Learning From Tutorials
James White of Signal Noise writes about learning from tutorials vs learning on your own:
If you only do tutorials without exploring things on your own, then you learn only 1 thing: how to read. They’re a wonderful place to start, but it’s up to you after that. You should figure out how to do that thing you want to make instead of waiting for the tutorial to emerge. What does Fabio do before he writes his great tutorials? He figures it out.
His post cuts to the heart of the difference between learning from watching and learning by doing. To be clear, I learned a TON from watching tutorials. They are a super fun and practical way to learn. If it weren’t for people like Brian Maffitt, Tim Clapham making great video tutorials for After Effects and Cinema 4D, I never would have gotten into this stuff. It’s one of the reasons I make tutorials today. To try and give back and help the next kid like me that is looking for good quality tutorials online.
Like James, However, I have always learned the most when trying to figure out how to do it on my own. Seeing something cool and trying to figure it out on my own is always WAY more fun, rewarding, and educational than following someone else’s directions.
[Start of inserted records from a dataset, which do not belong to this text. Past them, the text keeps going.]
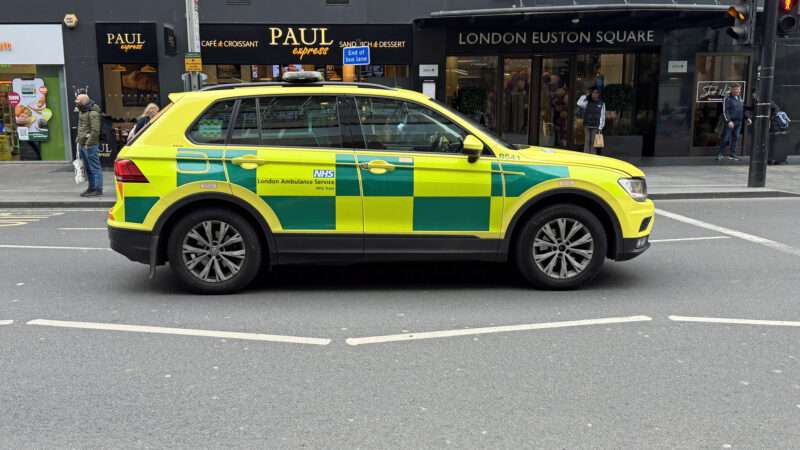 An SUV bearing the design and logos of the National Health Service (NHS), on a London street. | Jarretera | Dreamstime.com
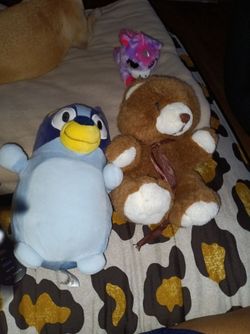 Bluey plushie, teddy bear and a purple unicorn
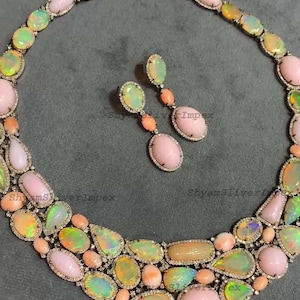 May include: A luxurious necklace and earring set featuring a variety of opal gemstones in shades of pink, green, and peach. The opals are set in a silver metal with a delicate diamond-like border. The earrings dangle with a matching design.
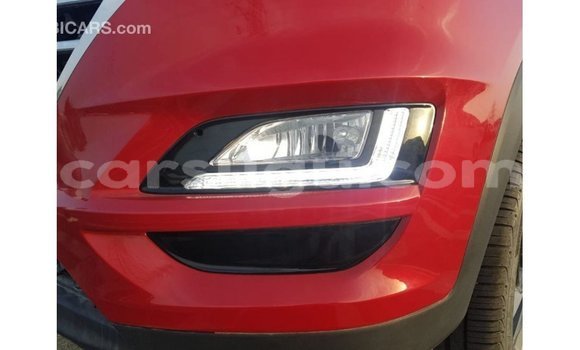 Sayi Imported Hyundai Tucson Red Mota in Import - Dubai a Burkina Faso Sayi Imported Hyundai Tucson Red Mota in Import - Dubai a Burkina Faso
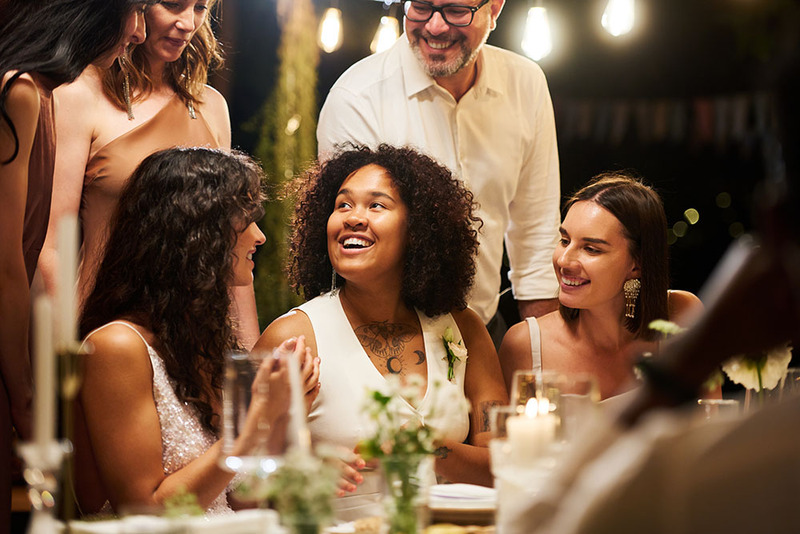 Group of friends stand next to the two brides, seated at the wedding reception dinner. 
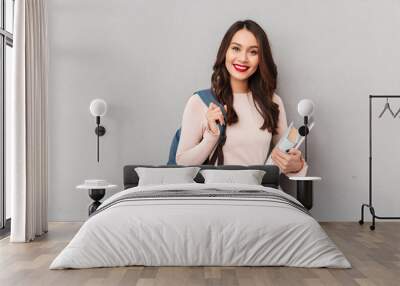 Portrait of intellectual female student with backpack being educated in university posing with book and laptop over gray wall Wall mural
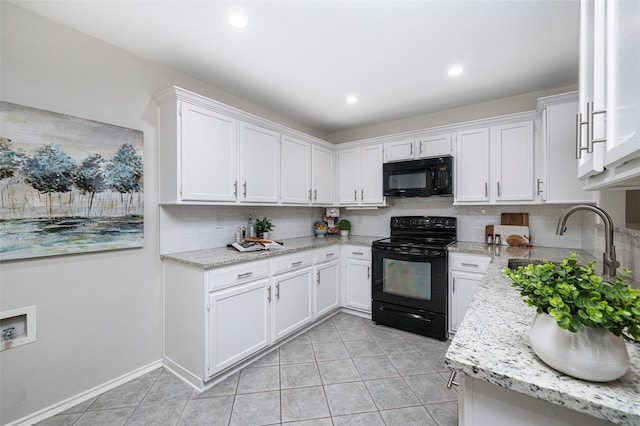 kitchen featuring black appliances, decorative backsplash, and white cabinetry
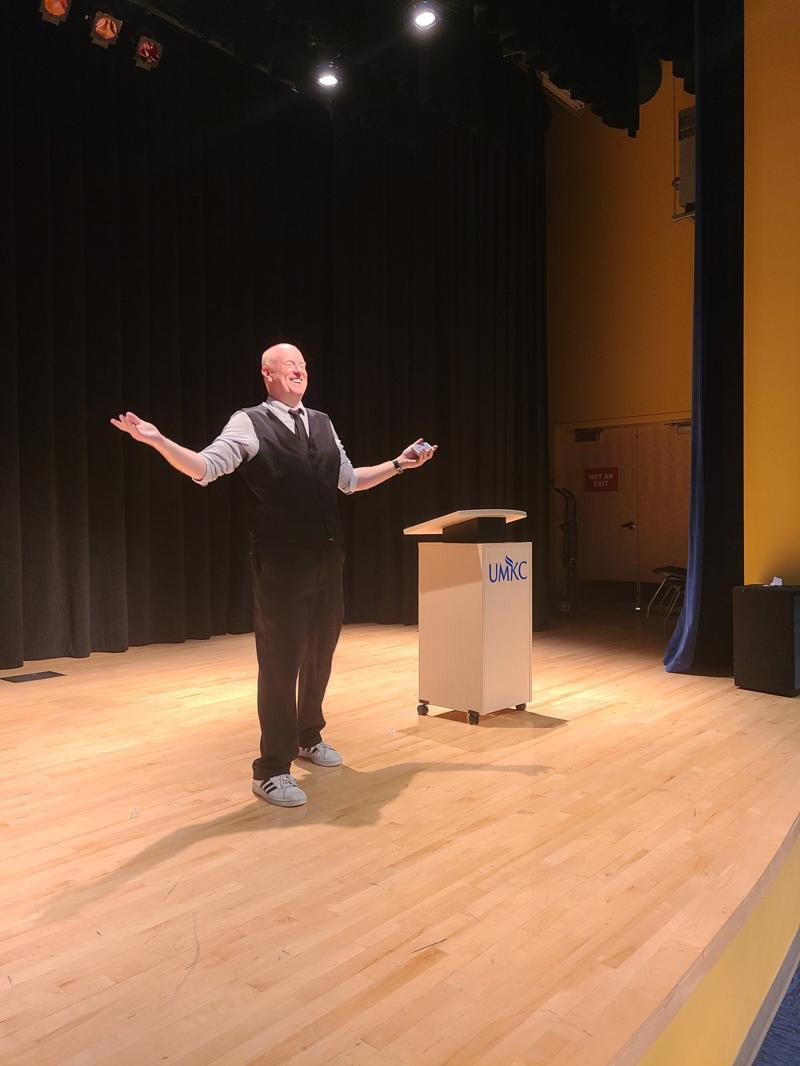 Corporate magician on stage performing for a company event in Kansas City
Like most great things, moderation is key. Watch all the tutorial you wan’t, but for every hour of learning from tuts, spend four hours playing and experimenting with those concepts. Try this. After watching a tutorial, instead of just following it verbatim, try to see how you can use that technique in a different way. Maybe combine two tutorials together or try to use it with a logo or your name instead of just primitives. Experiment, combine, test, and break. Anyone can follow a recipe perfectly. But, be sure to combine all of what you learn and make something that doesn’t have step by step directions. That’s where the real learning happens.
1. Fabio from Abduzeedo.
2. Beer, Coffee, High Fives, Rage Against The Machine, etc.